Work instructions.
Every line below that carries the word "photo" needs to be copied.

== Input data ==

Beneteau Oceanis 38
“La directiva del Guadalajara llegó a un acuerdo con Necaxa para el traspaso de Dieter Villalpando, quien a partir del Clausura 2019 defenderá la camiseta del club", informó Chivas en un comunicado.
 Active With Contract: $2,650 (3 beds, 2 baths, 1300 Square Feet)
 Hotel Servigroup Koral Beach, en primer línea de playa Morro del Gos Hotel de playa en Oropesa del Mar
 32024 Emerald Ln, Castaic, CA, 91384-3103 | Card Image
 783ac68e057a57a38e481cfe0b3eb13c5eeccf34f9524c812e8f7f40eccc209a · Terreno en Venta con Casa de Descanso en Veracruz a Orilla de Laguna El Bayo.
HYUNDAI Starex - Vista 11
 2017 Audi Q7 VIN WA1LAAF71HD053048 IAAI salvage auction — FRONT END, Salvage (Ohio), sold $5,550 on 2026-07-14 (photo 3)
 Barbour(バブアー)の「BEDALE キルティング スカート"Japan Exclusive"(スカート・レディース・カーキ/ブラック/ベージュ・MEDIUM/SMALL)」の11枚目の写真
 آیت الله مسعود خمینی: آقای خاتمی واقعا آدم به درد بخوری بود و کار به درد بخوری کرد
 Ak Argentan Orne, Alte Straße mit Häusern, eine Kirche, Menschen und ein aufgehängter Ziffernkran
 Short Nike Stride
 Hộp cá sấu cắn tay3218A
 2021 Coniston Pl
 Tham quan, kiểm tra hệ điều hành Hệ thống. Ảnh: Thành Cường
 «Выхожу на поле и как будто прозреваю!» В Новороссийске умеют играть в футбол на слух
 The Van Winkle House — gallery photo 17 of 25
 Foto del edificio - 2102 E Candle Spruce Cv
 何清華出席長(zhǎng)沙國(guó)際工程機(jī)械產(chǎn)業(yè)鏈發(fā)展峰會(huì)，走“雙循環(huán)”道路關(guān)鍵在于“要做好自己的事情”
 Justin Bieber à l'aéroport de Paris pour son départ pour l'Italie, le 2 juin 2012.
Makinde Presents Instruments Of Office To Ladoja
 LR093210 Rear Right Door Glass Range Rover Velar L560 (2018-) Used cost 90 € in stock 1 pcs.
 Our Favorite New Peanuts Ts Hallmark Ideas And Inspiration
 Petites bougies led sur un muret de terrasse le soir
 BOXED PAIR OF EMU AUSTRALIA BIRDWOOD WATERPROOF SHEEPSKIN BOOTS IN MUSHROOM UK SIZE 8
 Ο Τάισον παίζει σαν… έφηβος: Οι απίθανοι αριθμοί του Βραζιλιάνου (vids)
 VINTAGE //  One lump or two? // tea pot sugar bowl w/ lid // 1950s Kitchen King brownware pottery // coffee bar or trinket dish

===

Solved problem.
 2017 Audi Q7 VIN WA1LAAF71HD053048 IAAI salvage auction — FRONT END, Salvage (Ohio), sold $5,550 on 2026-07-14 (photo 3)
 The Van Winkle House — gallery photo 17 of 25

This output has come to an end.